■ WORK TO COMPLETE:
In the material below, the line holding "Preview for 112" and every line after it should be reproduced exactly, please, with pictures omitted.
^^^^^^^^
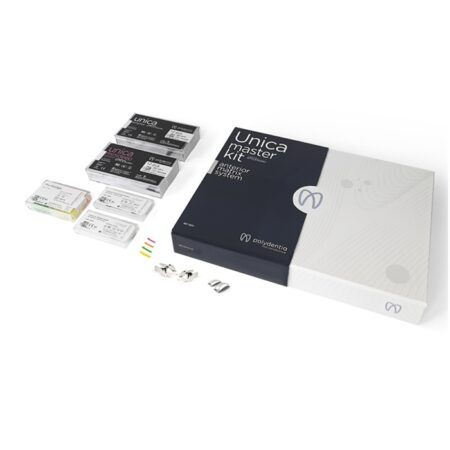 BD_CH_6901_20250501_unica-master-kit_pack_closed700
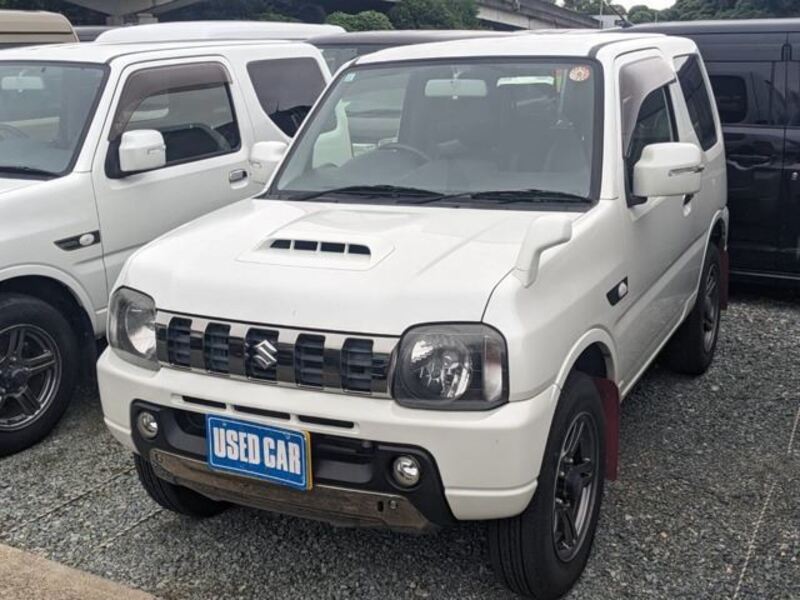 JIMNY-0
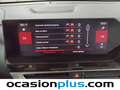 Citroen C4 1.5 BlueHDI S&S Shine EAT8 130 Rojo - thumbnail 10
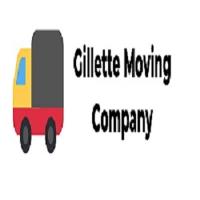 Moving Company Gillette image 2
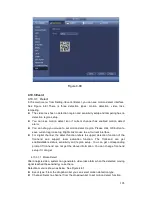 Preview for 112 page of Vonnic DVR-CVI series User Manual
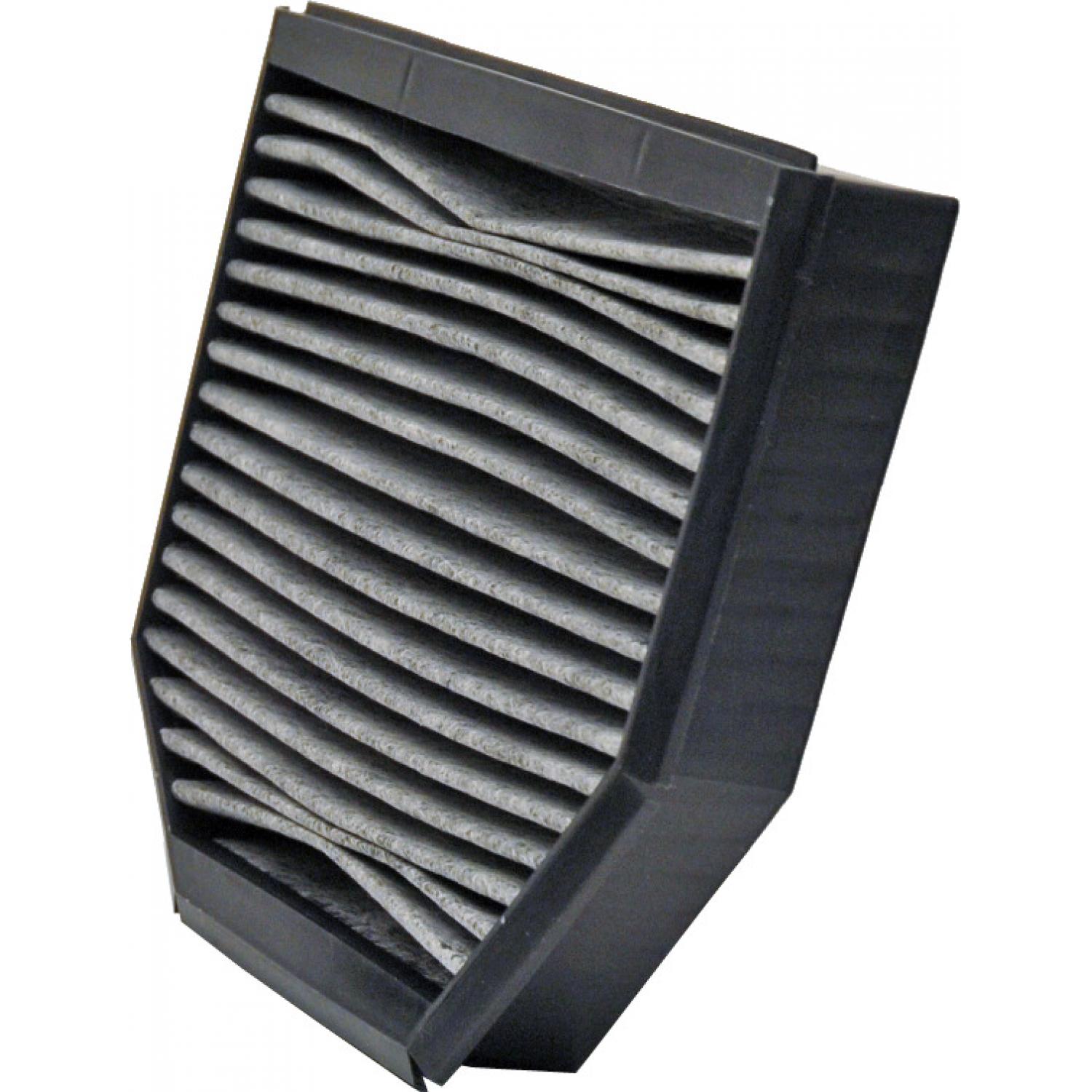 Wix 49356 Cabin Air Filter product image 4 of 5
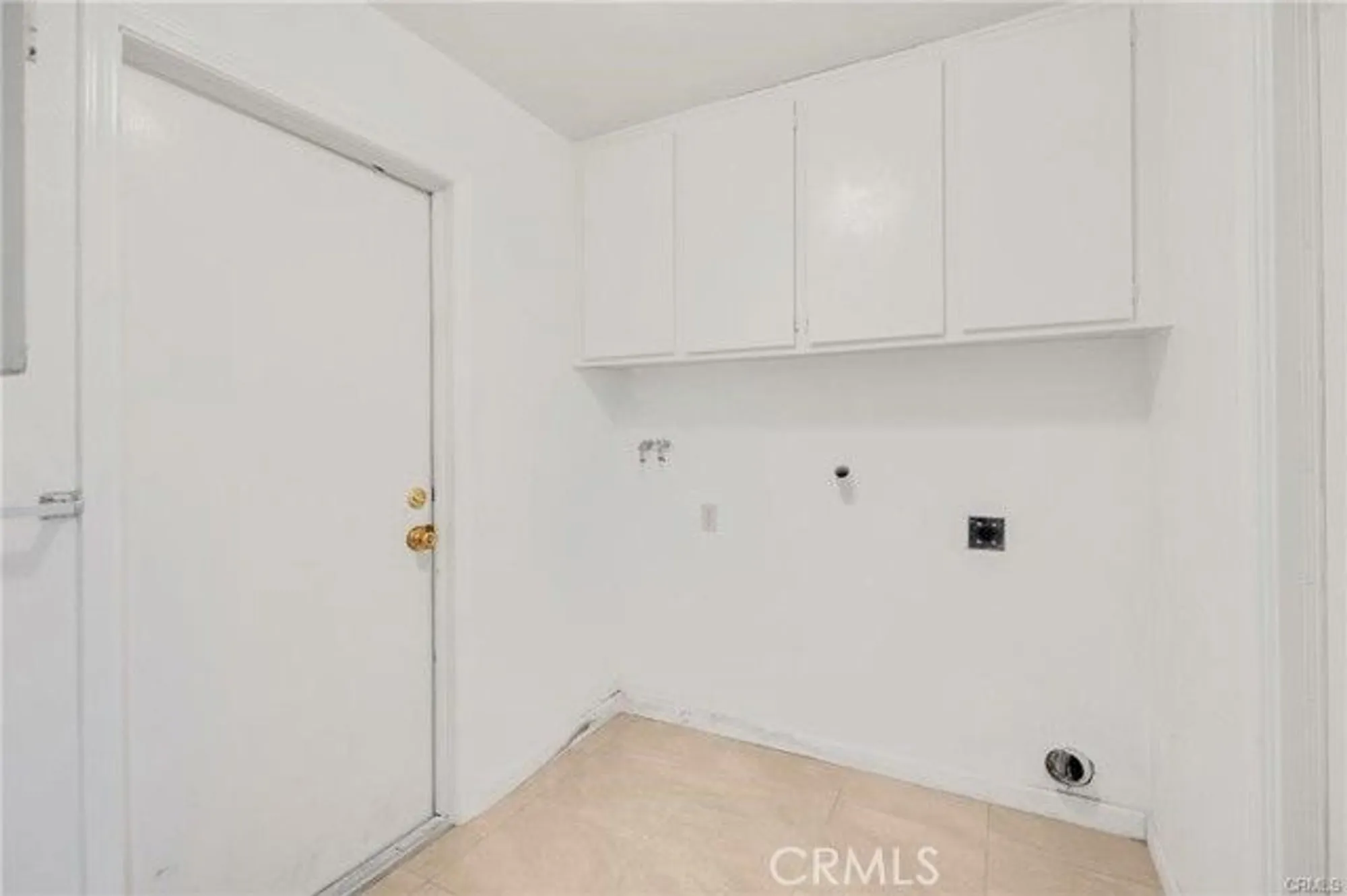 Property Slideshow image 19 of 22 | 25941 lancaster dr, Menifee, CA, 92586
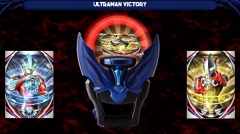 變身奧特曼手機(jī)版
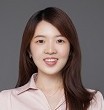 马卿誉 照片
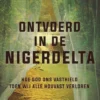 Ontvoerd in de Nigerdelta eBook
^^^^^^^^
■ YOUR RESPONSE:
 Preview for 112 page of Vonnic DVR-CVI series User Manual
 Wix 49356 Cabin Air Filter product image 4 of 5
 Property Slideshow image 19 of 22 | 25941 lancaster dr, Menifee, CA, 92586
 變身奧特曼手機(jī)版
 马卿誉 照片
 Ontvoerd in de Nigerdelta eBook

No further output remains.